We also eliminated all occurrences of “Все” (“All”): the idea is that characters contained in the “Все” already participate in the corresponding scene. That way, we avoid having “Все” as an additional character in the network. For the same reason we could have eliminated all occurrences of “Голоса” (“Voices”), but that’s a different thing since voices can come from unmentioned characters that don’t otherwise contribute to a speech act. So we let those in.

(The resulting TXT file can be found here: “mayakovsky-klop-speakers-per-scene.txt”.)

In comparison, the intermediary XML format we introduced when starting to work with our corpus of German drama can be much more fine-grained, because we’re working with a TEI-encoded corpus there. One of the purposes of this article, though, is to demonstrate that you can already do stuff with the most basic of interactional data.

Building the CSV File

After we had cleaned the names of all speakers, we wrote another small script, this time in Python, to generate a CSV file containing all the edges of the network, here’s a little excerpt:

Баян,Голоса II,1
Баян,Голоса III,1
Баян,Присыпкин (Пьер Скрипкин),3

Really just containing info on who is talking to whom in how many scenes. (The CSV file can be obtained here: “mayakovsky-klop-edges.csv”. This, of course, was the data we fed into Gephi to visualise the network shown above.)

Some Network Values

The network graph does well in demonstrating the structural uniqueness of Mayakovsky’s play. It is rather unusual that almost every scene can be identified as an individual cluster in the graph. The number of characters (= network size) is 94, the network density is fairly low, 0.17 (i.e., 17% of all possible connections between nodes are actually happening). The node-degree distribution shows traits of a power law, but it’s hard to draw any conclusions from that, since the play is so short and the interactional mode of the play so unique.

If you have a look at the CSV file, almost all weights are “1”, meaning that characters share exactly one scene. The play is really about showing Pierre Skripkin in different contexts, in the present and the future. His closest contacts are his former lover Zoya Beryozkina and Oleg Bayan (3 shared scenes each), Rozaliya Pavlovna (bride’s mother) and the professor in the future (2 shared scenes each).
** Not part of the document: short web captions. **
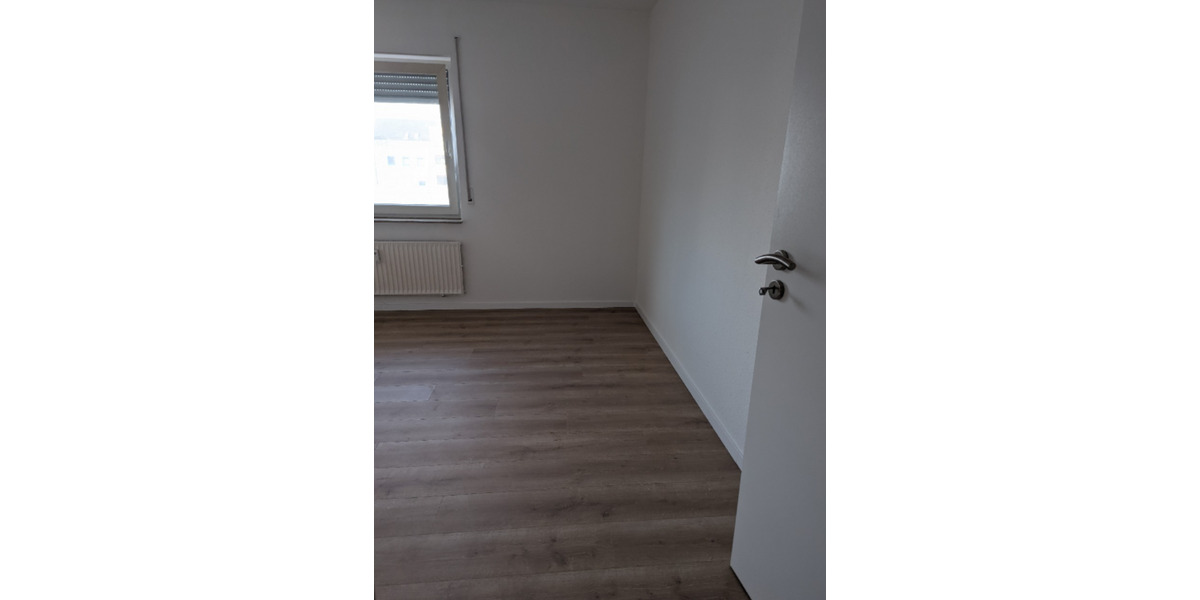 Etagenwohnung Netphen - 2 Zimmer, 67 m&sup2;, 600&euro; | Angebot:23899690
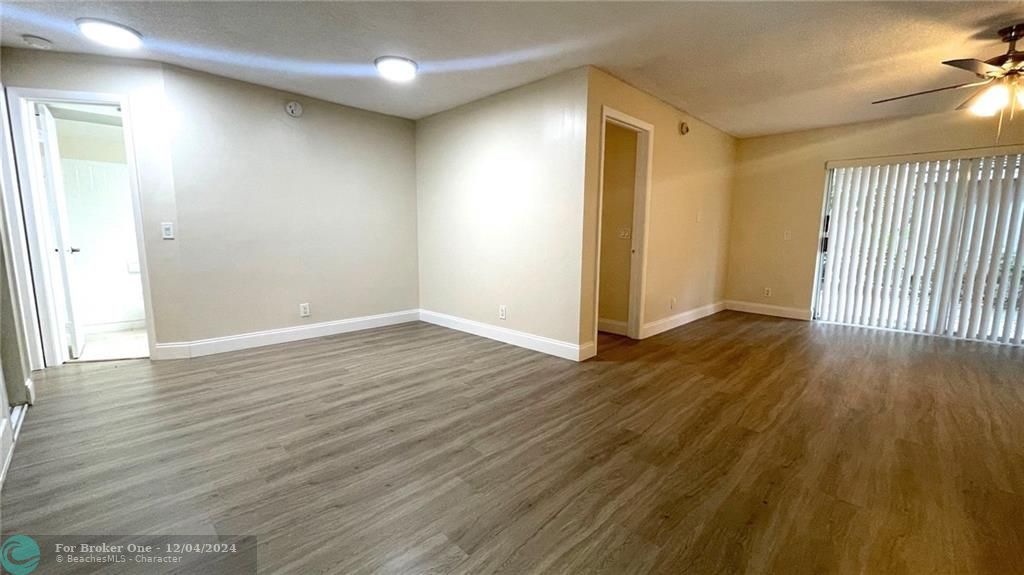 For Rent: $2,500 (3 beds, 2 baths, 1200 Square Feet)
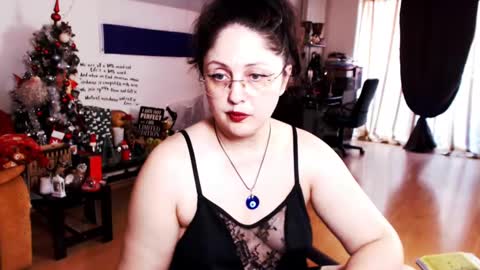 Snapshot of imperatrizasado chatting on January 26, 2025, 1:47 pm Empress online show from January 26, 2025, 1:47 pm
Something Like a Conclusion

You cannot reflect enough on the practice of character extraction from literary texts. The method you use has a big impact on the numbers that you’re working with later. You not only have to “know your corpus”, but you also have to keep in mind the rationale on which you based the information extraction. Especially if you want to process not just one file (like we did in this post) but hundreds or thousands of them.